Robert M. Thompson, Pastor
Corinth Reformed Church
150 Sixteenth Avenue NW
Hickory, North Carolina 28601
(© 2011 by Robert M. Thompson. Unless otherwise indicated, Scriptures quoted are from The Holy Bible, New International Version, Copyright 2011 by New York International Bible Society.)
As I begin today’s sermon, I am reminded of some bulletin bloopers our Office Assistant, Jan Ketcham, read to the staff this past week. I have heard them before, and you may have as well, but listen to a few of them again.
The low self-esteem support group just hung their heads even lower and breathed a deep sigh. I somewhat fear that a sermon titled “Warning!” may have the same effect on those with low spiritual self-esteem.
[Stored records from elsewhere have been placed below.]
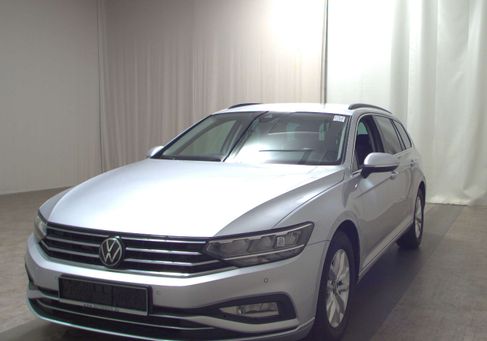 Volkswagen Passat Variant, 2024 2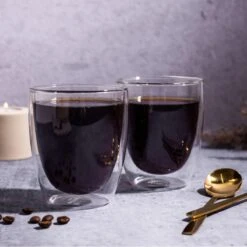 Dubbelwandige Koffieglazen - Cappuccino Glazen - Dubbelwandige Theeglazen - 300ML - 4x - Gratis Lepels -Tafelwaren Verkoop 1200x1200 1158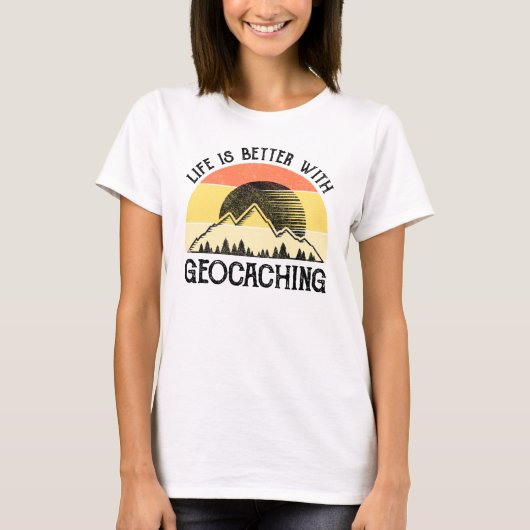 Das Leben ist besser mit Geocaching T-Shirt (Vorderseite)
So as we begin let me just ask you to choose which of these mental situations comes closest to where you are right now.
Situation #1: I’m struggling right now with self-doubt, spiritually and every other way. I’m not doing a very good job at anything I do, and I feel like I’m letting a lot of people down. I’m letting myself down. I don’t even think God likes me very much right now because of what I’ve done and what I do. I’m even afraid of God.
If this describes you, I need to tell you in advance that today’s sermon is not directed to you.
I preach messages from time to time that are for people in your situation, but this is not one of them. I wish we had the technology to give you a set of headphones and let you switch the channel to provide you the word you need today. Since we don’t have that technology, I can only hope you will try to filter this message.
Situation #2: I’m totally good with who I am and what I do. A lot of people may not like it, but it’s their problem. There may be some things that God doesn’t like either, but I think it will all work out all right in the end. There’s more good about me than bad and I don’t really need anyone else to tell me what to believe or how to live my life. I’ve got it pretty much figured out. I’m not afraid of anything of anyone.
This sermon is for you, or about those you know who may fit that category.
There is a third alternative, and we’ll come back to that at the end.
The Bible itself sometimes seems to give mixed messages. An example would be the quotes on the front of your bulletin, both from Jesus.
Both messages are central and oft-repeated in the Bible. Both need to be heard. It’s just that we tend to hear the wrong message. Those in Situation 1 tend to hear the warning, “Don’t take God’s grace for granted,” as another body slam to their sense of being loved and accepted. Those in Situation 2 tend to hear the assurance, “You are secure in God’s grace,” when it isn’t for them.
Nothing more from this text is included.